Comparative Genome Analysis of Lactiplantibacillus paraplantarum

Abstract

Lactiplantibacillus paraplantarum is a lactic acid bacteria species that is associated with food microbiomes and has been found to be either detrimental or beneficial to specific food processes. In this study, an in-silico genomic approach was applied using JGI’s IMG/MER and PATRIC to compare the genomes of the L. paraplantarum DSM10667, L-ZS9, and AS-7 strains to uncover metabolic differences and lifestyle adaptations between these isolates, and better utilizing these species in food bioprocesses.
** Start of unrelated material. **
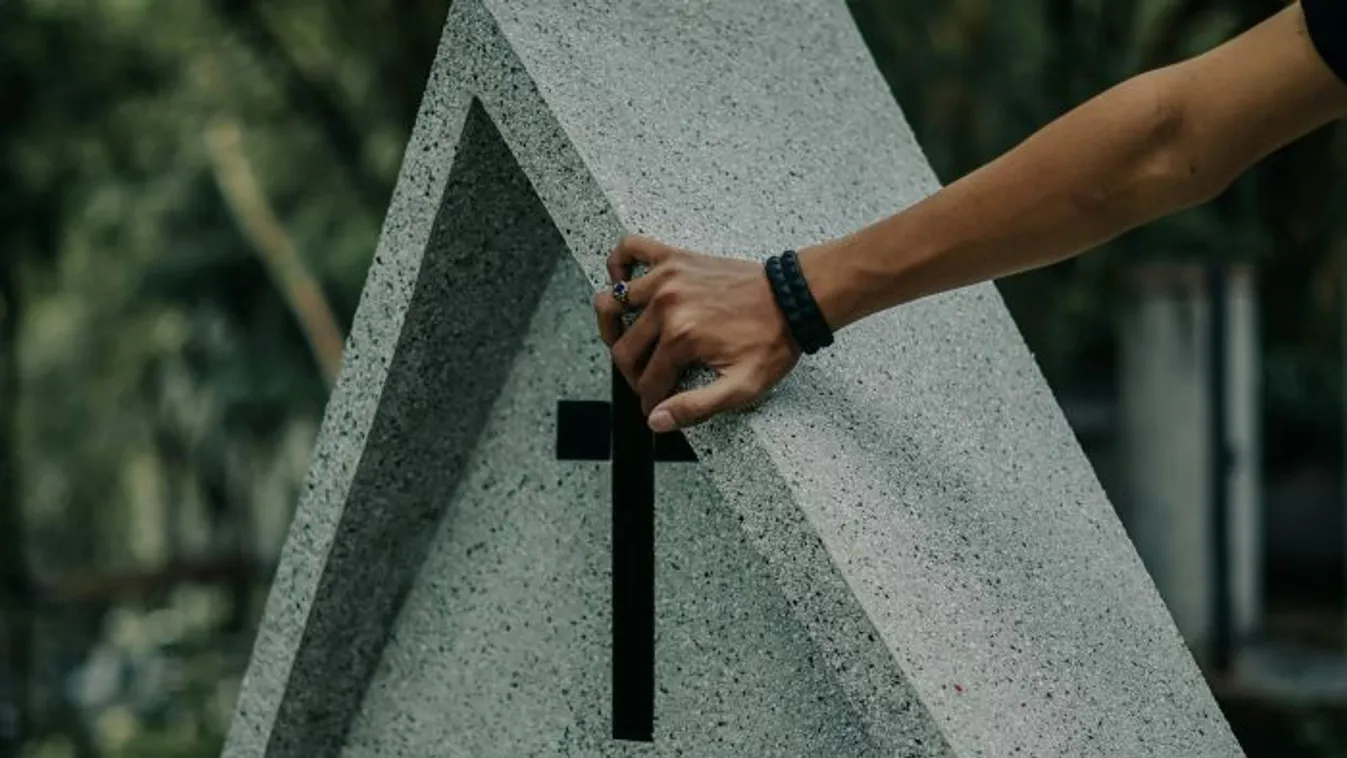 Édesapja már a temetését szervezi a valóságshow-sztárnak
Bacteriocin and prophage screenings were performed using Bagel4 and PHASTER software, respectively. BRIG was used to identify alignments of strains with each other for visual inspection of each genome. KEGG was used to predict putative carbohydrate, pyruvate, and aminoacid metabolisms. Genome sizes of DSM10667, L-ZS9, and AS-7 were 3.36, 3.14, and 3.01 Mbp, respectively. Unique genes were found to predict the evolutionary adaptation of strains against their corresponding microniche. For example, the gene encoding arginase was only found in sausage isolate L-ZS9, while the dextran-sucraseencoding gene was unique to beer contaminant DSM10667. Three strains were predicted to carry the plnAEFJ operon for plantaricin biosynthesis, and the AS-7 genome contains leucocin K. Although DSM 10667 harbors four intact prophages, both L-ZS9 and AS-7 carried one prophage region, still showing the plasticity of the genome. Genome analysis predicted that isolation sources might potentially affect the metabolic capabilities of strains as part of the adaptation of the strains to their habitats.